Supplied data >>

......

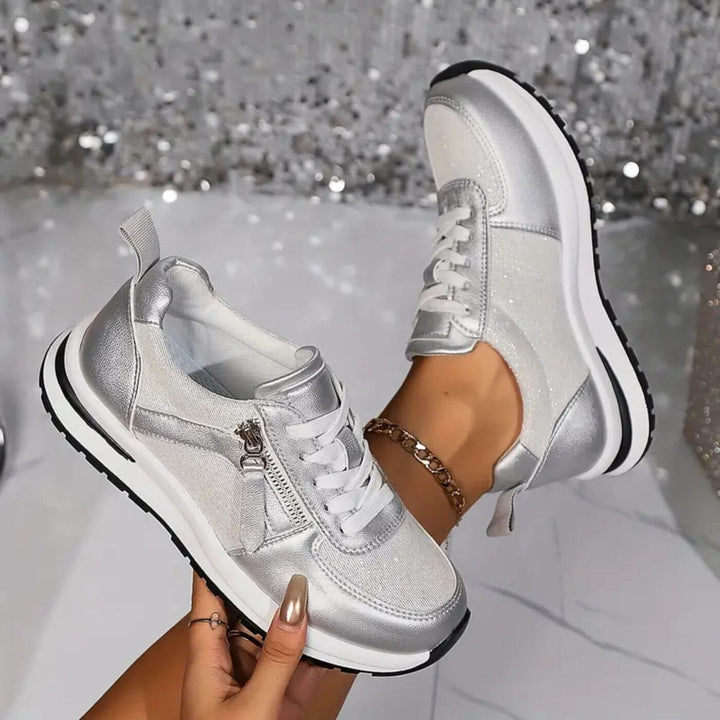 Gina™ – Bequeme Orthopädische Sneakers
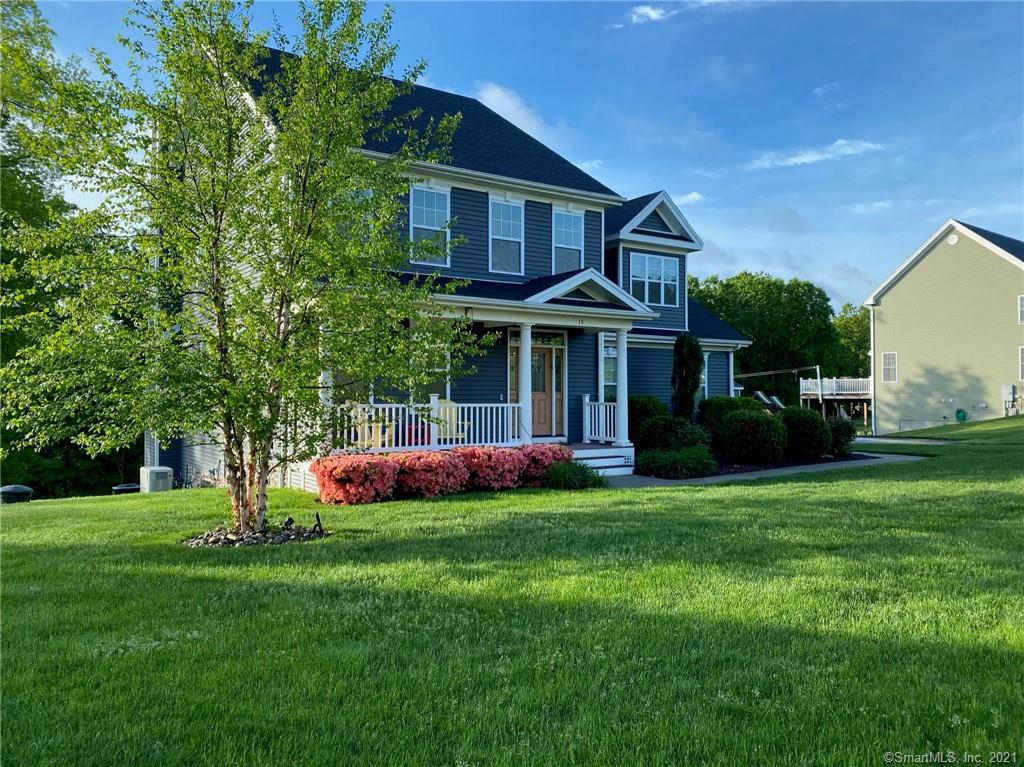 15 Hidden Meadow Road Seymour CT 06483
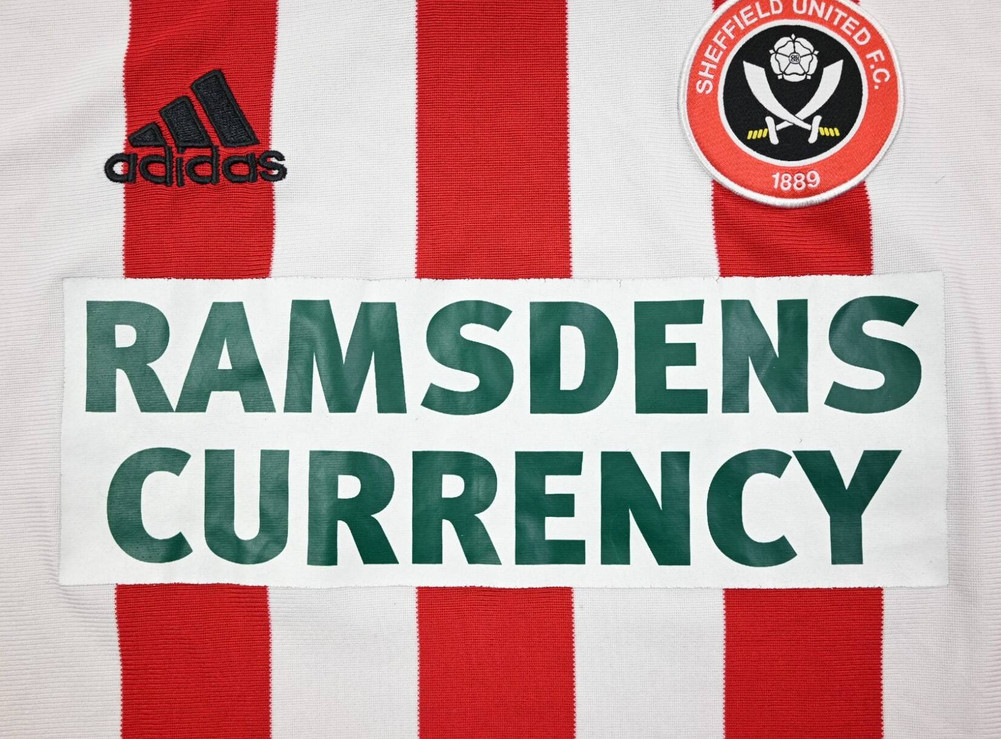 2018-19 SHEFFIELD UNITED KOSZULKA S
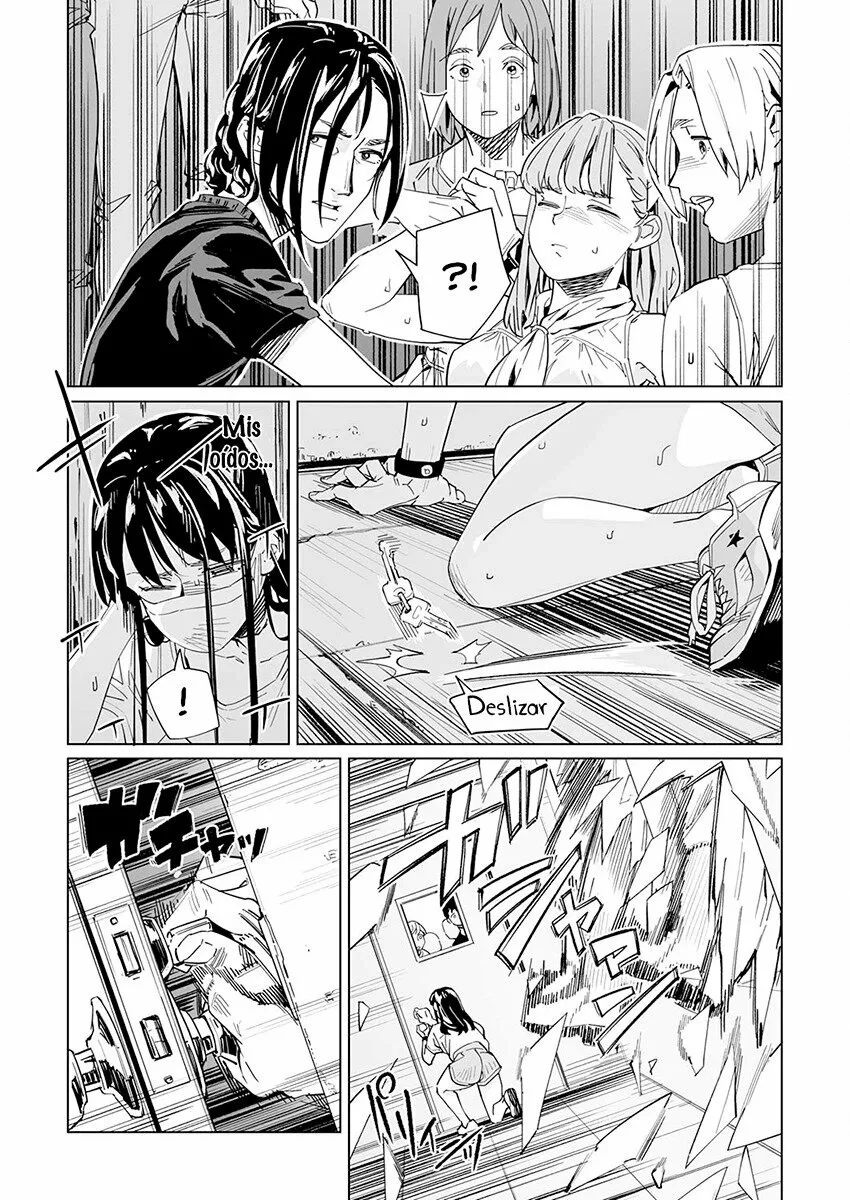 New Normal Capítulo 23 - Page 19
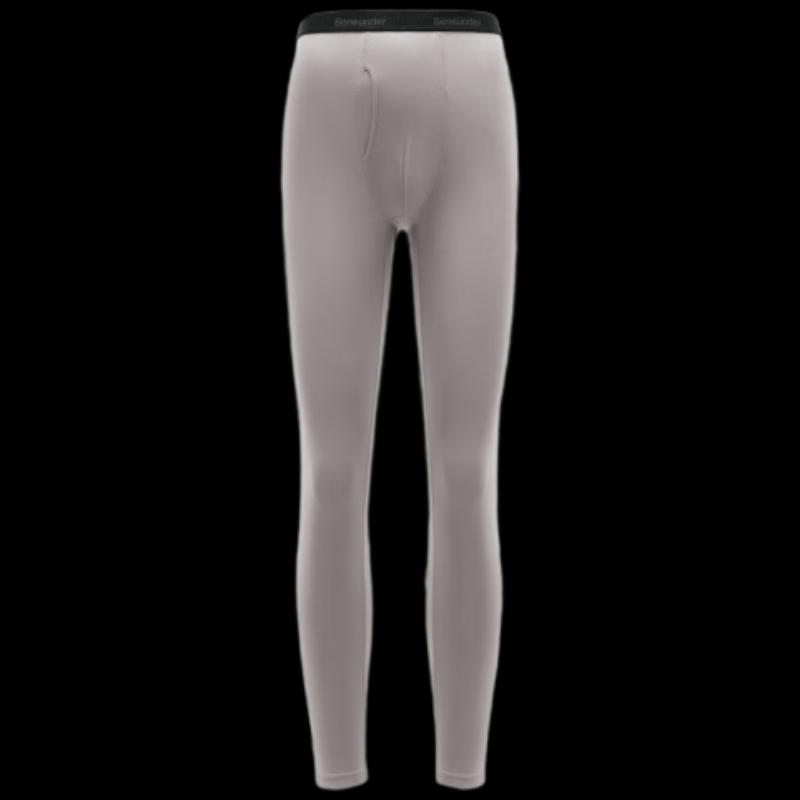 Beneunder Men's Medium Warmth Thermal Base Layer Pants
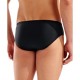 Arena Costume Intero Piscina Slip Kikko Nero Giallo Uomo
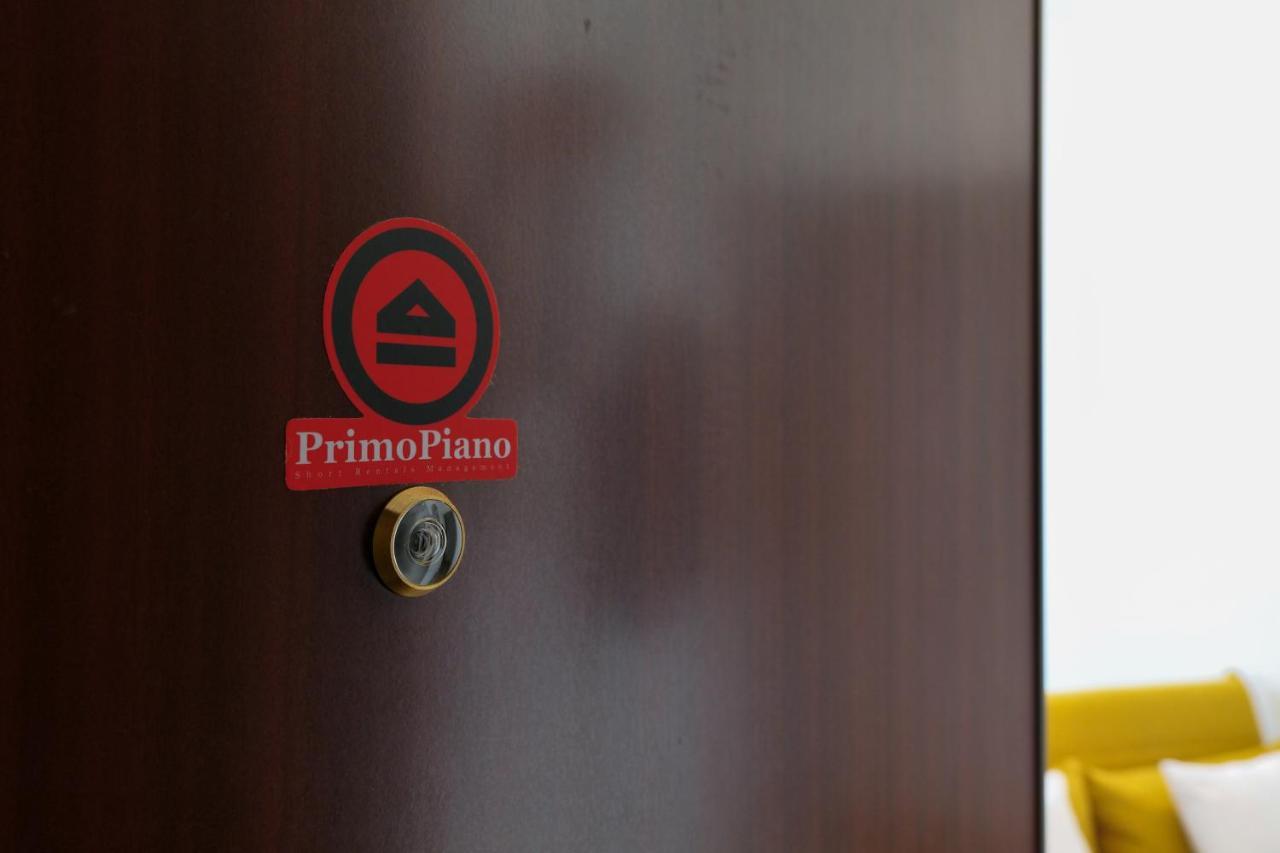 Primopiano - Padova 320 Apartman Milánó Kültér fotó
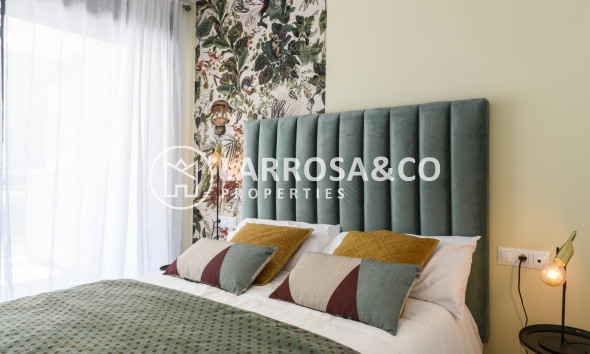 Nouvelle Construction - Apartment - Orihuela costa - Campoamor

......

Your task >> Images are to be excluded, and each record above written out word for word.

Answer below >>
 Gina™ – Bequeme Orthopädische Sneakers
 15 Hidden Meadow Road Seymour CT 06483
 2018-19 SHEFFIELD UNITED KOSZULKA S
 New Normal Capítulo 23 - Page 19
 Beneunder Men's Medium Warmth Thermal Base Layer Pants
 Arena Costume Intero Piscina Slip Kikko Nero Giallo Uomo
 Primopiano - Padova 320 Apartman Milánó Kültér fotó
 Nouvelle Construction - Apartment - Orihuela costa - Campoamor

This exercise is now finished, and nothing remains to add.